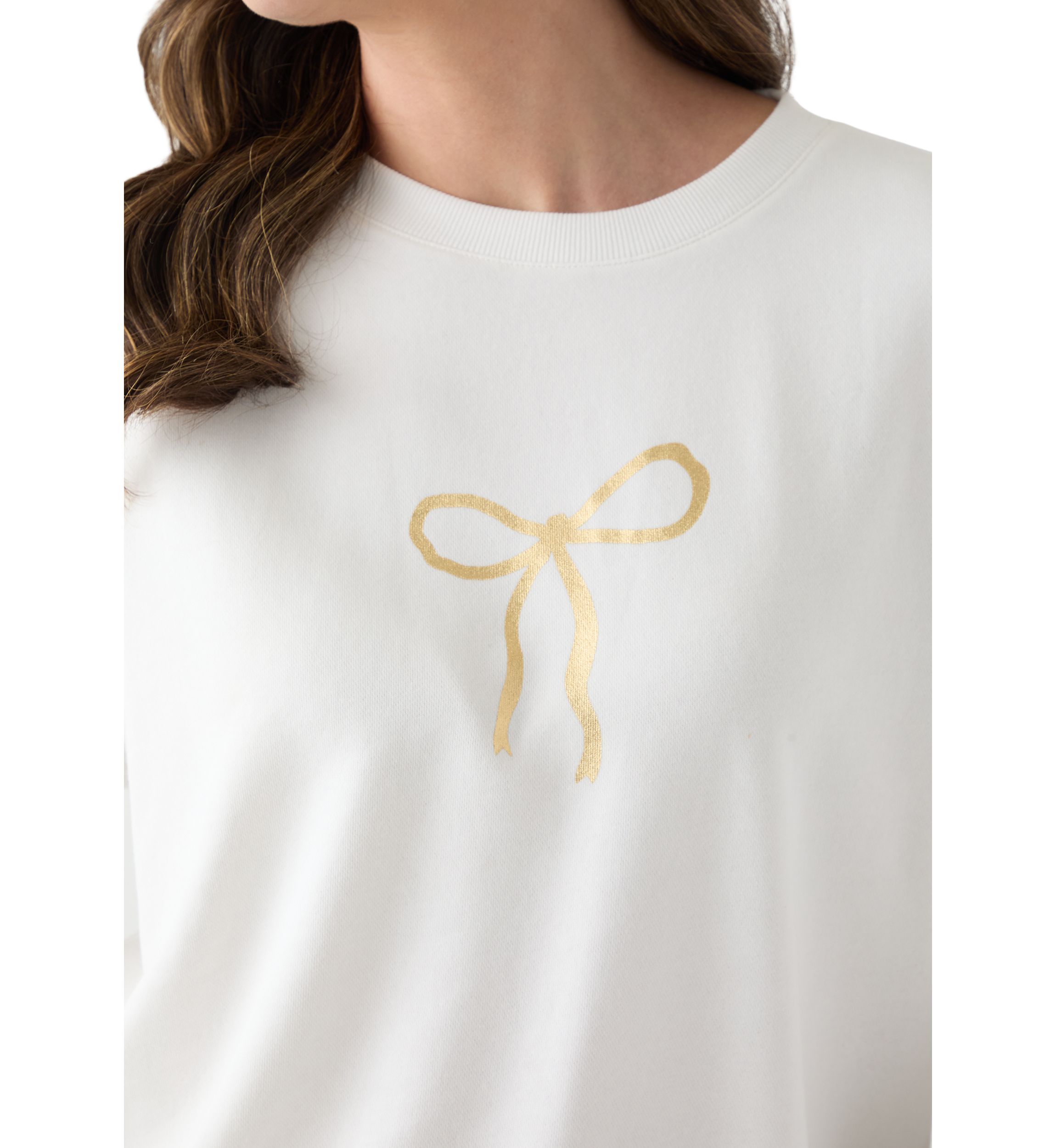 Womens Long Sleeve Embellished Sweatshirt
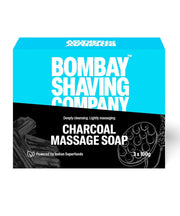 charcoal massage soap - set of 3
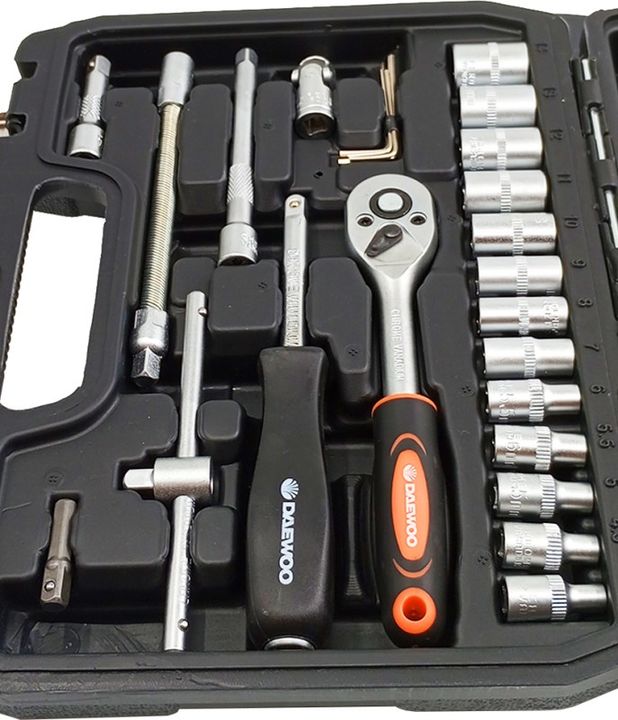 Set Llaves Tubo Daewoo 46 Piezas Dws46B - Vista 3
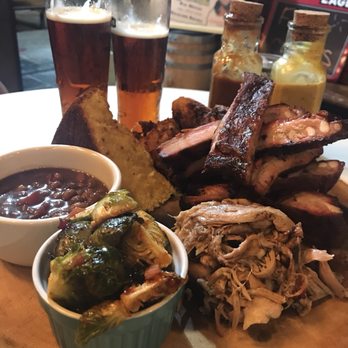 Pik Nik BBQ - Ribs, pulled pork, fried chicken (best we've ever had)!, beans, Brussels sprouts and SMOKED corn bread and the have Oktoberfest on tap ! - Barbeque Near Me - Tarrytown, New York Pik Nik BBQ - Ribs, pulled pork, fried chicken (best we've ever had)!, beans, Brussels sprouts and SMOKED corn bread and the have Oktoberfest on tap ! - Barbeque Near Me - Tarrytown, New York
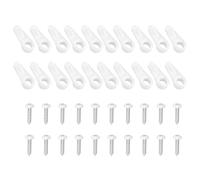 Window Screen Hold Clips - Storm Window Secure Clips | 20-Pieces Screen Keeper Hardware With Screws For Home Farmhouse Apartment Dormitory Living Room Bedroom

- _Task description_: Nothing but the pictures may be dropped as you repeat the listing above exactly.

- _Solution to this exercise_:
 Womens Long Sleeve Embellished Sweatshirt
 charcoal massage soap - set of 3
 Set Llaves Tubo Daewoo 46 Piezas Dws46B - Vista 3
 Pik Nik BBQ - Ribs, pulled pork, fried chicken (best we've ever had)!, beans, Brussels sprouts and SMOKED corn bread and the have Oktoberfest on tap ! - Barbeque Near Me - Tarrytown, New York Pik Nik BBQ - Ribs, pulled pork, fried chicken (best we've ever had)!, beans, Brussels sprouts and SMOKED corn bread and the have Oktoberfest on tap ! - Barbeque Near Me - Tarrytown, New York
 Window Screen Hold Clips - Storm Window Secure Clips | 20-Pieces Screen Keeper Hardware With Screws For Home Farmhouse Apartment Dormitory Living Room Bedroom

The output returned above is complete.